А тогда все дело в словах было. В правильности ответов на правильные вопрошания.
Надо было отвечать точно — как ожидают. Как ожидается. То самое, что все знали заранее, но и с необъяснимой ныне прямо-таки страстью жаждали услышать в качестве подтверждения незыблимости и несокрушимости неодолимого течения утвержденного жизненного потока.
Да, нужно было этикет соблюсти. Тогдашнее общество было, если можно так выразиться, этикетное. Изящное и куртуазное, в этом узком аспекте и переносном смысле слова. Так сказать, нужно приличия знать. И художник их знал в тех пределах, в каких они ему были дозволены и спасительны. А дальше, за ними, за этими дозволенными, положенными пределами только Бог и государство — судьи твоей совестливости, лихости и безрассудству. Так было в наше время.
— Как попадают? — медлил художники, пожимая плечами. — Да кто же знает. Вон ко мне сколько народу в мастерскую ходит. -
— И иностранцы? — особая интонация в голосе.

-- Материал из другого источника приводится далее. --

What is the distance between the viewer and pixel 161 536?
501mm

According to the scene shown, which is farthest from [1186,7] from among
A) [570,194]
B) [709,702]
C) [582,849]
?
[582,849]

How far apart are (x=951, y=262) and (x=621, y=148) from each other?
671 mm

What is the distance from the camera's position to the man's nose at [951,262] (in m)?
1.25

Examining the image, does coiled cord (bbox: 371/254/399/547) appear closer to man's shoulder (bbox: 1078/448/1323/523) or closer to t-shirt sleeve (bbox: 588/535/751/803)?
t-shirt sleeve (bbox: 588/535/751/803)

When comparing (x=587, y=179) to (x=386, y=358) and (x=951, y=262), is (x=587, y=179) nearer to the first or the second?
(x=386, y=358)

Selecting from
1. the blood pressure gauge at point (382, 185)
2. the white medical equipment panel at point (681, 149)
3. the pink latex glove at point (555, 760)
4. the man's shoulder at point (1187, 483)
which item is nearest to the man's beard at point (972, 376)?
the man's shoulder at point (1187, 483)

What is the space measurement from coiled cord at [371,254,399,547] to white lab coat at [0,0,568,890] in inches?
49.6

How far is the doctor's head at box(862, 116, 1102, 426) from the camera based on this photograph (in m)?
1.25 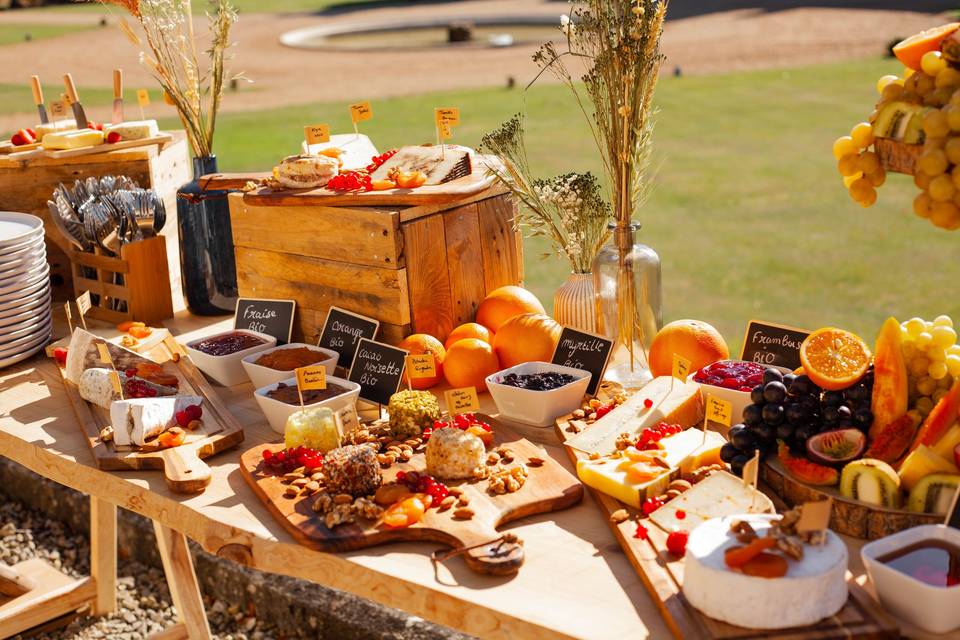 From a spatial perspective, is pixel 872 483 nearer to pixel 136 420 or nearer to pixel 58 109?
pixel 136 420

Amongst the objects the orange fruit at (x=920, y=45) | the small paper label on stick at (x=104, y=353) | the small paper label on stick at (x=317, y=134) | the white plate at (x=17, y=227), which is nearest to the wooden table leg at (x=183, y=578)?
the small paper label on stick at (x=104, y=353)

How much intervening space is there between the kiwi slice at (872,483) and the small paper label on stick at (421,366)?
962 millimetres

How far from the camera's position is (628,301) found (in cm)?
245

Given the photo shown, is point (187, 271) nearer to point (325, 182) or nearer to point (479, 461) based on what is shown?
point (325, 182)

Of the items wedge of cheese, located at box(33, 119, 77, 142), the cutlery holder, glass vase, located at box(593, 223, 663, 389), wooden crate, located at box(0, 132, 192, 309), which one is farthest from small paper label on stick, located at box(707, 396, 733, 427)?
wedge of cheese, located at box(33, 119, 77, 142)

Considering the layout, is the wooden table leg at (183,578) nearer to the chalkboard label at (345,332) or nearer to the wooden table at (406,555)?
the wooden table at (406,555)

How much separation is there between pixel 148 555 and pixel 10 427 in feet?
5.83

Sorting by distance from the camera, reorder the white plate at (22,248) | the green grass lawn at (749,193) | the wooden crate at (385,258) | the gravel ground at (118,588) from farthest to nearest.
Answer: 1. the green grass lawn at (749,193)
2. the gravel ground at (118,588)
3. the white plate at (22,248)
4. the wooden crate at (385,258)

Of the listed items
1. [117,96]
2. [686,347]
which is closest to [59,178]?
[117,96]

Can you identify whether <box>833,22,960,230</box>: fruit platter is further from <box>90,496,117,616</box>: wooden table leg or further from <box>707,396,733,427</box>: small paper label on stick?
<box>90,496,117,616</box>: wooden table leg

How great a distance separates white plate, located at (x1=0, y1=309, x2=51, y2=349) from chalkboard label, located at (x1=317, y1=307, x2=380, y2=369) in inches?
32.6

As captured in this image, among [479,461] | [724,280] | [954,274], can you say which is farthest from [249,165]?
[479,461]

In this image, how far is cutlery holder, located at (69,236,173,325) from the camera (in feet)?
10.2

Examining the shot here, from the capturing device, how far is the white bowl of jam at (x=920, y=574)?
1.51 meters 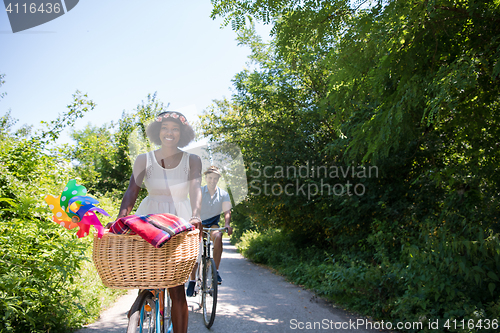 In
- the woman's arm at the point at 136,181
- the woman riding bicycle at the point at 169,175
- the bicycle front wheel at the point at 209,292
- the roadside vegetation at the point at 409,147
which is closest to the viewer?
the woman's arm at the point at 136,181

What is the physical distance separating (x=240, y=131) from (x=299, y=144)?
3.54m

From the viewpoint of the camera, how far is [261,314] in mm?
5344

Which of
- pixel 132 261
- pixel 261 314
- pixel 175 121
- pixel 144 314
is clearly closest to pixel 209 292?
pixel 261 314

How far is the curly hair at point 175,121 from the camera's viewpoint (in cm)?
322

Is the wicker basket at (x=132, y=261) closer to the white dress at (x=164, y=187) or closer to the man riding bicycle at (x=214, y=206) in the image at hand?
the white dress at (x=164, y=187)

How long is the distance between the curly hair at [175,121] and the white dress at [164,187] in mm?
258

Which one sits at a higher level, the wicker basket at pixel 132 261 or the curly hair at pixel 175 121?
the curly hair at pixel 175 121

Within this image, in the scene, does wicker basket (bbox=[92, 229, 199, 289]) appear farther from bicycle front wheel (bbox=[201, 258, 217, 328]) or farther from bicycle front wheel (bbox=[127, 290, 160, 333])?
bicycle front wheel (bbox=[201, 258, 217, 328])

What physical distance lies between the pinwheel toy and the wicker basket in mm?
124

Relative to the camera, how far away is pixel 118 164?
13.6m

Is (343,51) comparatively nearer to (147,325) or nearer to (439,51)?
(439,51)

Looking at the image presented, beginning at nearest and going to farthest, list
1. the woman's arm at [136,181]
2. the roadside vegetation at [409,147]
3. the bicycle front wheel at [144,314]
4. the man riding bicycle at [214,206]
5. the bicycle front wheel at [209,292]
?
1. the bicycle front wheel at [144,314]
2. the woman's arm at [136,181]
3. the roadside vegetation at [409,147]
4. the bicycle front wheel at [209,292]
5. the man riding bicycle at [214,206]

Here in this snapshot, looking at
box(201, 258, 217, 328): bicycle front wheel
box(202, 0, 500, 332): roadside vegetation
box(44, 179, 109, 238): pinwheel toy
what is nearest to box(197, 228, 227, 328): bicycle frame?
box(201, 258, 217, 328): bicycle front wheel

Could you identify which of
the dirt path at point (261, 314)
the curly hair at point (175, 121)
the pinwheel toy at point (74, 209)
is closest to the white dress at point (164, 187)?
the curly hair at point (175, 121) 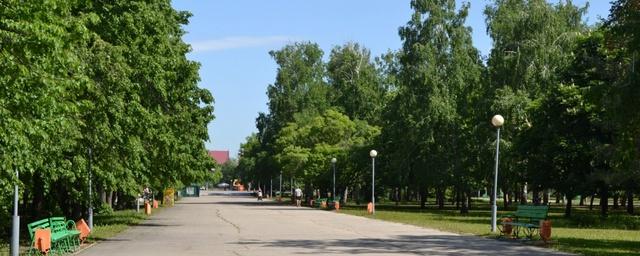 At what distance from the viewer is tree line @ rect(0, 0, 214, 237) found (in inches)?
491

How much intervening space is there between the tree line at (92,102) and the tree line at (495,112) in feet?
40.7

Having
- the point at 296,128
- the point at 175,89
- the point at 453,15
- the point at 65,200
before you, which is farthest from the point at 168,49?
the point at 296,128

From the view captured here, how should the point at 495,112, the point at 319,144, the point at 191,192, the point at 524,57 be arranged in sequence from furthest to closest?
the point at 191,192 → the point at 319,144 → the point at 524,57 → the point at 495,112

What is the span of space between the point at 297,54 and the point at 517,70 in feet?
151

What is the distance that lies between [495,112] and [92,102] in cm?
3330

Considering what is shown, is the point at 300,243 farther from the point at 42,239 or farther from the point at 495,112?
the point at 495,112

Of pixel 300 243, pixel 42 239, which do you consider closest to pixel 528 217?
pixel 300 243

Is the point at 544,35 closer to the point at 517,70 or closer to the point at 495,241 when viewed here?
the point at 517,70

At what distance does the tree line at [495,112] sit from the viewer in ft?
94.3

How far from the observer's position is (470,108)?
2203 inches

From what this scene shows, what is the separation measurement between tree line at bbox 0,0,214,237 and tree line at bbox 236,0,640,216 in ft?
40.7

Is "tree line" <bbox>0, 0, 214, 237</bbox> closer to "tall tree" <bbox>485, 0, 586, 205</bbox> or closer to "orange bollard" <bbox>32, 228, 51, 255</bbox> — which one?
"orange bollard" <bbox>32, 228, 51, 255</bbox>

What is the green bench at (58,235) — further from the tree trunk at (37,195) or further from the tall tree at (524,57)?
the tall tree at (524,57)

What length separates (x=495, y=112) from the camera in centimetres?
4925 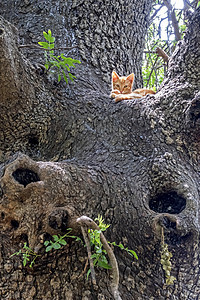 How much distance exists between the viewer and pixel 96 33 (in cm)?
219

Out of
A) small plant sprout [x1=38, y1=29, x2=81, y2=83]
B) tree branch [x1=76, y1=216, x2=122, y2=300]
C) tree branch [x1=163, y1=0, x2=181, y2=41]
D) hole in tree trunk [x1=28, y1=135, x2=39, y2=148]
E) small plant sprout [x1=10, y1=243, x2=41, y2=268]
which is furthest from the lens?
tree branch [x1=163, y1=0, x2=181, y2=41]

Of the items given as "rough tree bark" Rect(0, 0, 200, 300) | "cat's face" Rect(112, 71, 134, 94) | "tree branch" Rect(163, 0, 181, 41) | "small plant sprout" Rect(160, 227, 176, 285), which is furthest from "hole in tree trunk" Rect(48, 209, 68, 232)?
"tree branch" Rect(163, 0, 181, 41)

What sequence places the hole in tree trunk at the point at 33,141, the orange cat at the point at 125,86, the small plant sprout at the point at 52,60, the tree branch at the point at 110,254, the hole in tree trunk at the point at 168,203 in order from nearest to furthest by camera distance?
the tree branch at the point at 110,254 → the hole in tree trunk at the point at 168,203 → the small plant sprout at the point at 52,60 → the hole in tree trunk at the point at 33,141 → the orange cat at the point at 125,86

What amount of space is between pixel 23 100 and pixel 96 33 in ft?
2.59

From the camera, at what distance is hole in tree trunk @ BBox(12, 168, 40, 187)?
4.06 feet

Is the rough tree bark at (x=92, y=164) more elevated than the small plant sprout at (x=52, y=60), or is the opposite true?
the small plant sprout at (x=52, y=60)

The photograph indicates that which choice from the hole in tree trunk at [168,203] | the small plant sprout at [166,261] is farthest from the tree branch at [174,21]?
the small plant sprout at [166,261]

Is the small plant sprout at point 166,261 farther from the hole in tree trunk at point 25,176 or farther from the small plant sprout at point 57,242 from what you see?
the hole in tree trunk at point 25,176

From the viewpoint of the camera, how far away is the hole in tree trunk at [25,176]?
4.06 feet

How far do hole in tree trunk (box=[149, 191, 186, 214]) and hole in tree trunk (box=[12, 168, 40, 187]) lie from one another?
1.72 feet

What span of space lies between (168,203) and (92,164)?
1.22 feet

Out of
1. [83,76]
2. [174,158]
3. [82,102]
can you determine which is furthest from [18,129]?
[174,158]

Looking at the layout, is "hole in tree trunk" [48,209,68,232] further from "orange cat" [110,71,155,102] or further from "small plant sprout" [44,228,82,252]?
"orange cat" [110,71,155,102]

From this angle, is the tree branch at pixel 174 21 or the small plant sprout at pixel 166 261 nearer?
the small plant sprout at pixel 166 261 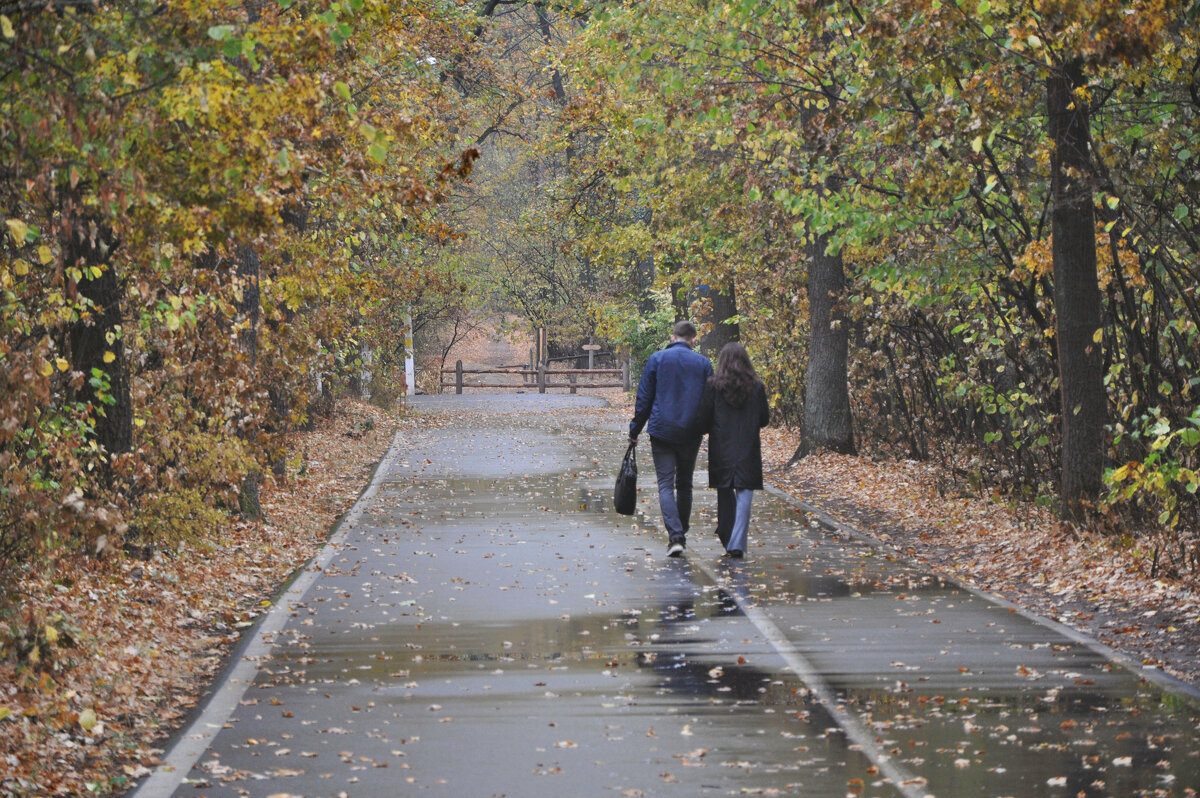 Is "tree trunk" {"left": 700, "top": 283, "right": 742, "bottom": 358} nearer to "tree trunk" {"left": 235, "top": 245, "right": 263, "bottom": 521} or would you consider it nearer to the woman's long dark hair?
"tree trunk" {"left": 235, "top": 245, "right": 263, "bottom": 521}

— И иностранцы, — как бы безразлично, само собой разумеющееся.
— И вы их пускаете? -
— А как не пустить? -
И он прав — действительно, как не пустишь? Не гнать же. Не спускать же с лестницы, выкликая: Кышь, кышь пошли, проклятые! — коли сама власть допустила их весьма многочисленное и безнаказанное присутствие на нашей исконной территории.
Что на это возразишь? Ан, нашлось, что.
— А если, — даже привскочил некий молодой и горячий, очевидно, недавно только избранный в Правление за свои немногие, но уже несомненные заслуги на всех направлениях культурной и социальной жизни, — а если…, - он даже запнулся от величая и неотразимости неожиданно пришедшей ему на ум мысли, — а если к Вам в мастерскую Гитлер придет! Что, тоже пустите? -
Все замерли. И, вправду, мысль неординарная. Да и выход из предложенного неординарного положения отнюдь не очевиден.